DATA FOR THIS TASK:
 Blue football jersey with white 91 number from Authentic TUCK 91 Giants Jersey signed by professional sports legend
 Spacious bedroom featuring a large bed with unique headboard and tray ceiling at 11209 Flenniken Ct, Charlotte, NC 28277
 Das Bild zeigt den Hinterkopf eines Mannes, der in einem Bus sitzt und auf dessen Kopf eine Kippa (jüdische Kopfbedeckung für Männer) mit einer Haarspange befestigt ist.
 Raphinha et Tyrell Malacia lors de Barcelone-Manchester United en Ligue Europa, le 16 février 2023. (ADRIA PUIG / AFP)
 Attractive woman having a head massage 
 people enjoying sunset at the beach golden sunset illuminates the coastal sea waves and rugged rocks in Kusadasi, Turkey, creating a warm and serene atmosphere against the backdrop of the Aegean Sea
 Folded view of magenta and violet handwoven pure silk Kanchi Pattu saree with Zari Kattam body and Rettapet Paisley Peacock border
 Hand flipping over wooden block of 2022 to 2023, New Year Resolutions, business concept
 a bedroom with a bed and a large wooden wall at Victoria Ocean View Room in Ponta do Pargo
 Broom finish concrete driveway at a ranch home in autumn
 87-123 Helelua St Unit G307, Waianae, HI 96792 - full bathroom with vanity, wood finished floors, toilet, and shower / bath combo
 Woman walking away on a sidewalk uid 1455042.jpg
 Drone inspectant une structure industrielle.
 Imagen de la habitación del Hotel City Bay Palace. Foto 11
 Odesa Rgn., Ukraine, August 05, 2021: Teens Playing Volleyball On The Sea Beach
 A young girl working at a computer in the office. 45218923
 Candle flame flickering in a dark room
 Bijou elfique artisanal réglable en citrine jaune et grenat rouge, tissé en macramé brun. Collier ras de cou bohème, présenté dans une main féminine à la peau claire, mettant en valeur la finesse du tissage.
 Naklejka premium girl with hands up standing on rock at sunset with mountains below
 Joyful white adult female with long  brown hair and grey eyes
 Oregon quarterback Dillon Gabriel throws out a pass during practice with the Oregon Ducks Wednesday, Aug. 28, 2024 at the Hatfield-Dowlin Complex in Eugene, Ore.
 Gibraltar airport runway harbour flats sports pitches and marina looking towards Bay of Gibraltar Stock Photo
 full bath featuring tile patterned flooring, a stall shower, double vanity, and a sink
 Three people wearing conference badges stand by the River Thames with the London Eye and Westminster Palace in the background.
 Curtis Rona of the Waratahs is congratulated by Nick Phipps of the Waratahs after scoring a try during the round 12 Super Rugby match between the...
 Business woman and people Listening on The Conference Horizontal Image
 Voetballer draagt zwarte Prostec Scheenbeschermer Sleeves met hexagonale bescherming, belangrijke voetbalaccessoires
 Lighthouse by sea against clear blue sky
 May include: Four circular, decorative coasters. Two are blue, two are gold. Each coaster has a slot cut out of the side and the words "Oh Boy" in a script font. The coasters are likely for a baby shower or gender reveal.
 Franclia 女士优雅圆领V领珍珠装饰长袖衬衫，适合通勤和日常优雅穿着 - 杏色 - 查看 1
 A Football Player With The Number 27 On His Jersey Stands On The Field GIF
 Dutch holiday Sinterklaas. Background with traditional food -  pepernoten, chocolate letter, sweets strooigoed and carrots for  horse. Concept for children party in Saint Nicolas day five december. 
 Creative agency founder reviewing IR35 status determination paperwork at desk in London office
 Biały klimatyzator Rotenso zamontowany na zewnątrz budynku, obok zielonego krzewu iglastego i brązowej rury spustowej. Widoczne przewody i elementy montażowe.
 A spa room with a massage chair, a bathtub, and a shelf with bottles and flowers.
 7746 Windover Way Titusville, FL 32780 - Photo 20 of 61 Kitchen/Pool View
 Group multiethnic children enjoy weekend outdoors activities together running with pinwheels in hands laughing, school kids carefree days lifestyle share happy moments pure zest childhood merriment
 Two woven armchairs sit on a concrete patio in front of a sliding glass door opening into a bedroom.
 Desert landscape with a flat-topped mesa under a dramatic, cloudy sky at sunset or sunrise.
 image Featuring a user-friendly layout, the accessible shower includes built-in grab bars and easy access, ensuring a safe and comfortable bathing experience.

YOUR TASK:
Within the records above, find every line holding the word "Jersey" and give the total as a bare number.

YOUR RESPONSE:
2